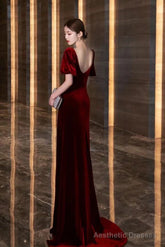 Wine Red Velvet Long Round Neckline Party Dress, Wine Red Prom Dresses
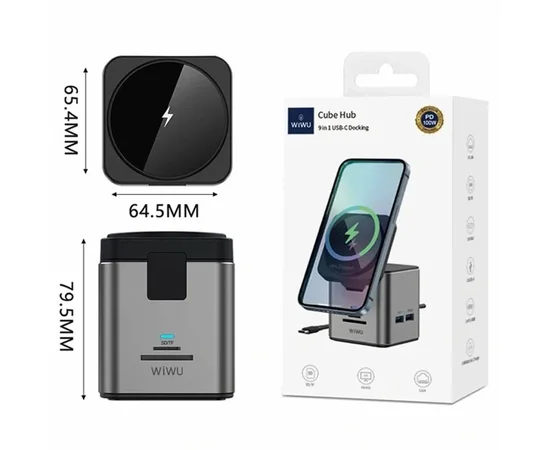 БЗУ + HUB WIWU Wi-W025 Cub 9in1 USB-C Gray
* * *
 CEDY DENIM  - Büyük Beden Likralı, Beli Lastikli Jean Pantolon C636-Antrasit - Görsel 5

• Exercise objective: Leave the pictures out, and transcribe exactly the lines above starting at the one that contains "Wine Red Velvet" and ending at the one that contains "БЗУ + HUB WIWU Wi-W025 Cub 9in1 USB-C Gray".

• Reply to the exercise:
 Wine Red Velvet Long Round Neckline Party Dress, Wine Red Prom Dresses
 БЗУ + HUB WIWU Wi-W025 Cub 9in1 USB-C Gray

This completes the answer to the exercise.